SPIEGEL: Doch gleichzeitig geht es den Mittelschichten in den entwickelten Ländern an den Kragen.
O'Neill: Stimmt, relativ gesehen geht es vielen Menschen im Westen schlechter, aber wenn man von einer globalen Perspektive her argumentiert, würde ich denken: Das ist ein kleiner Preis, den man zahlen muss. Schließlich sind dafür weltweit Hunderte Millionen Menschen der Armut entwachsen.

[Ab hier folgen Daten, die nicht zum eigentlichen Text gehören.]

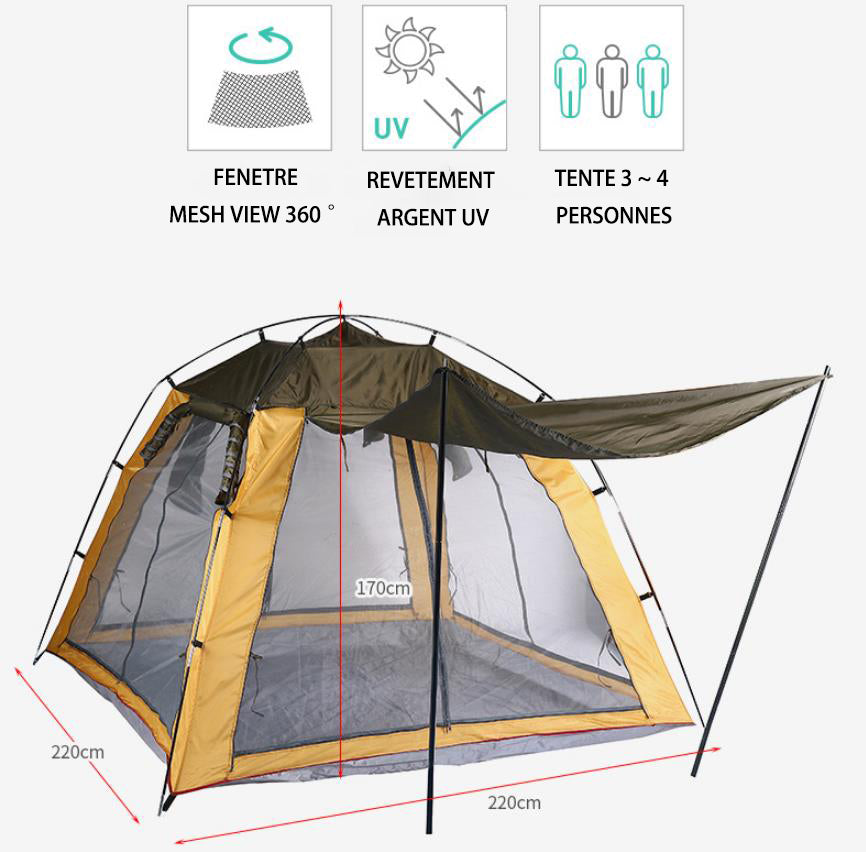 TD® Tente extérieure camping gaze respirant écran solaire ventilation anti-insectes 3-4 personnes camping tente de pêche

SPIEGEL: Gleichzeitig wird in vielen Ländern die Kluft zwischen Arm und Reich größer.
O'Neill: Dafür haben wir Regierungen. Die müssen dafür sorgen, dass ein entsprechender gesamtgesellschaftlicher Konsens gefunden wird. Und wenn ich in diesem Zusammenhang etwas zu Deutschland sagen darf, auch wenn es sehr umstritten ist: Die Große Koalition hier sollte sich stärker Gedanken darüber machen, wie sie den deutschen Konsumenten helfen kann. Es sollte sichergestellt werden, dass Bürger am Wachstum und der Leistung der Unternehmen teilhaben.
SPIEGEL: Was schlagen Sie vor?
O'Neill: Wenn ich Politiker wäre, würde ich die Einkommensteuer senken, um den Konsum anzukurbeln. Vor allem angesichts der guten Haushaltslage. Die Reformen der vergangenen Jahre waren sicher dringend notwendig, um die Wettbewerbsfähigkeit Deutschlands wiederherzustellen, aber man darf bei all diesen Überlegungen den Verbraucher nicht vergessen.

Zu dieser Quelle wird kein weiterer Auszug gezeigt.